Directions for this task
Using the data that follows, return exactly the lines from the one that contains "Öffentlich geförderte 3-Zimmer-Neubauwohnungen" through the one that contains "đọc truyện Sự", ends included.

(The records Opens)

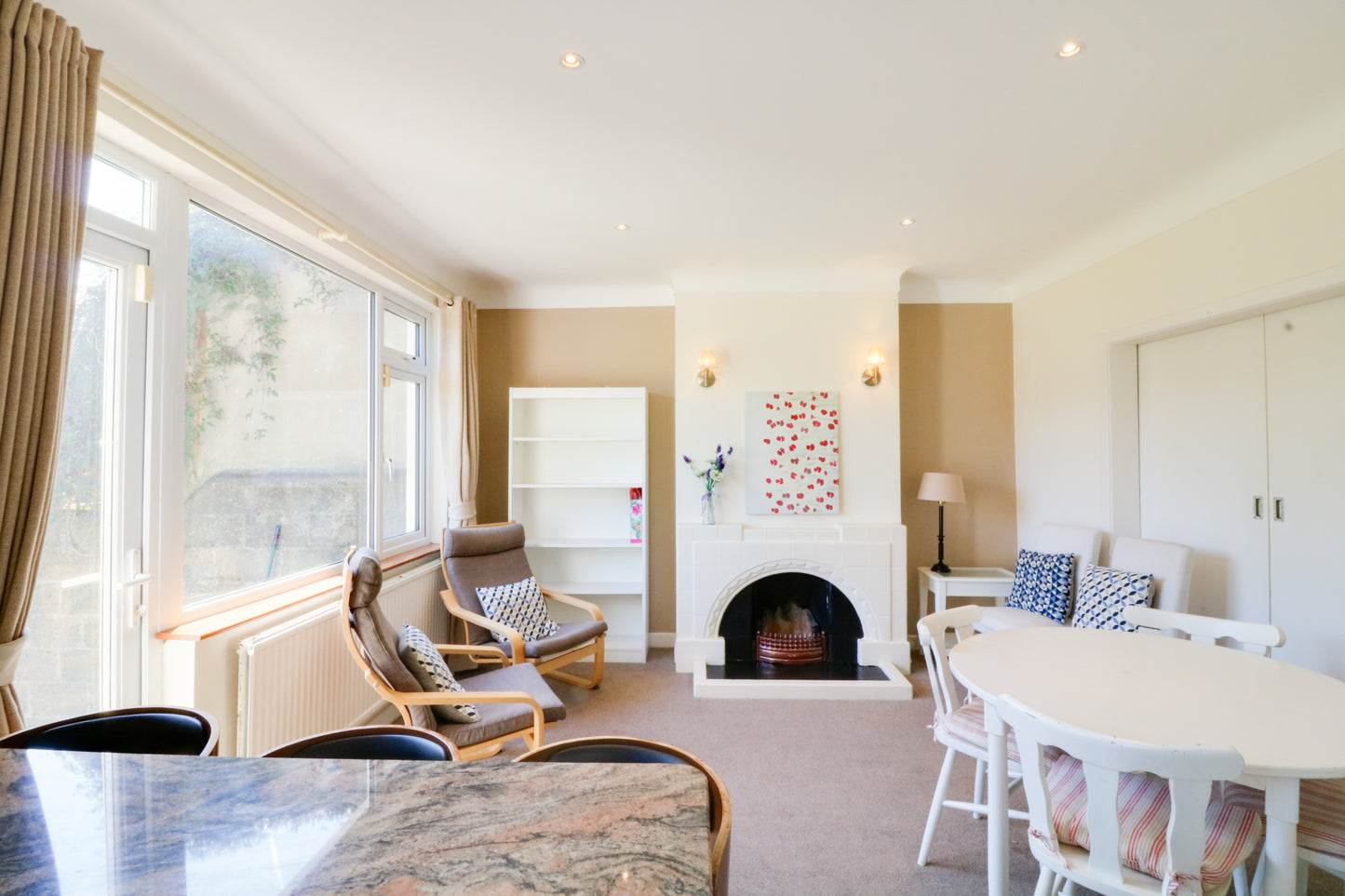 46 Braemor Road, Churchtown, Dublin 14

(The records Closes)
(The records Opens)

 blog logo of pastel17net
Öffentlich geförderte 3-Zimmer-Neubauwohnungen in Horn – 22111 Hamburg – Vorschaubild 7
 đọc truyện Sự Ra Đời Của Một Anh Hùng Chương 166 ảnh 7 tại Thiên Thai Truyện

(The records Closes)
(The records Opens)

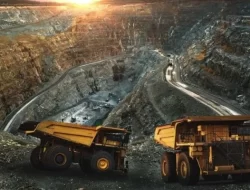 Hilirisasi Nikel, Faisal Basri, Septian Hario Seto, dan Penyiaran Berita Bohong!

(The records Closes)

Response
Öffentlich geförderte 3-Zimmer-Neubauwohnungen in Horn – 22111 Hamburg – Vorschaubild 7
 đọc truyện Sự Ra Đời Của Một Anh Hùng Chương 166 ảnh 7 tại Thiên Thai Truyện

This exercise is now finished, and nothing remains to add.